Tens of thousands of people were disappointed when they tried to get tickets for an audience with Michelle Obama at London's Royal Festival Hall.

Many in the social media have indicated that more than 40,000 people are in the queue for tickets.

Former US First Lady will perform in the 2,900 seat hall on 3 December.

There are tickets for thousands of pounds on Viagogo, but the venue said they were asked to remove them.

Any tickets purchased by unauthorized third parties are not permitted.

Obama will discuss her memoir, Becoming, with award-winning writer Chimamanda Ngozi Adichie.
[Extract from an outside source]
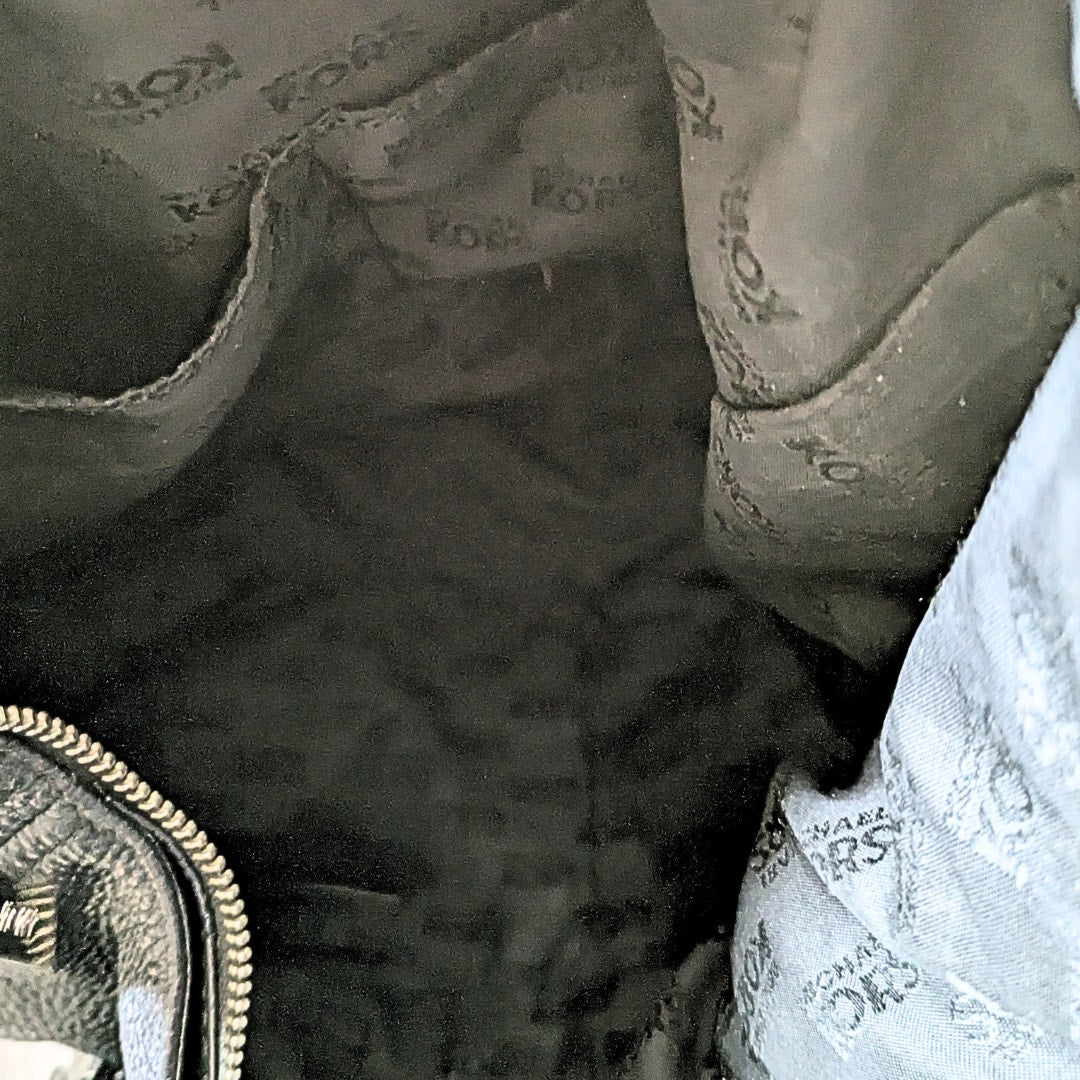 Pre-owned Michael Kors Lydia Black Pebbled Leather Hobo Shoulder Bag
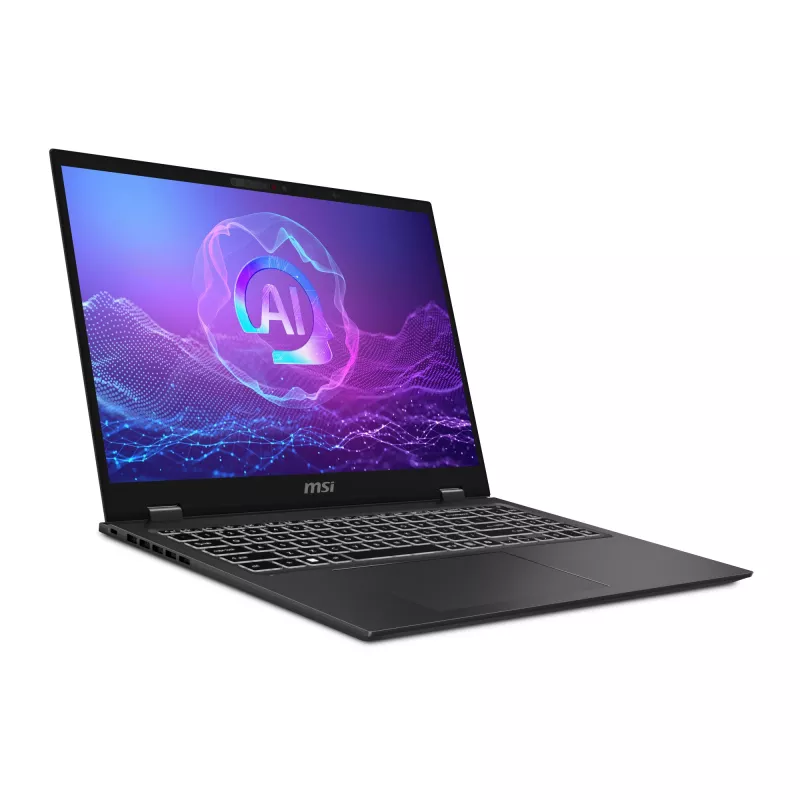 MSI Prestige 16 AI+ Evo B2VMG-017NL Copilot+ PC Intel Core Ultra 9 288V sülearvuti 40,6 cm (16 inch) UHD+ 32 GB LPDDR5x-SDRAM 1 TB SSD Wi-Fi 7 (802.11be) Windows 11 Pro Hall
They will talk about their childhood experiences, their work, motherhood and "their time at the most famous address in the world".

  • Michelle Obama dances with Parker, the portrait girl

She will also share "Learning Lessons of Life," hoping to "inspire people to become the very best version of themselves."

People tweeted that they had been queuing up at the venue since 4am.

The South Bank Center, a multi-arts venue adjacent to the Thames, tweeted at 10:30 GMT to say they were sold out.

The date in London is in the middle of a 13-day tour that begins on November 13 in Obama's hometown of Chicago, where she will talk to Oprah Winfrey.

Tickets that were sold quickly in the US, and Obama has tweeted that she was "really humbled by the reaction to my upcoming book tour."

The South Bank Center said they are also in the process of identifying advertised tickets.

They told the BBC that due to the "extreme demand for this event, unfortunately, there will be people who are disappointed".

They said they had "been working hard to ensure that tickets are available to the widest possible audience by limiting the number of tickets to two per booker and ensuring that there is a lower price of £ 30."

Three hundred tickets were withheld to be made available free of charge to secondary school students in London and the UK and local charities.

The South Bank Center said that there are no exact figures of how many have tried to get tickets.

Part of the tickets were sold yesterday for the members of the venue, the rest was sold today at 10 clock to the general public.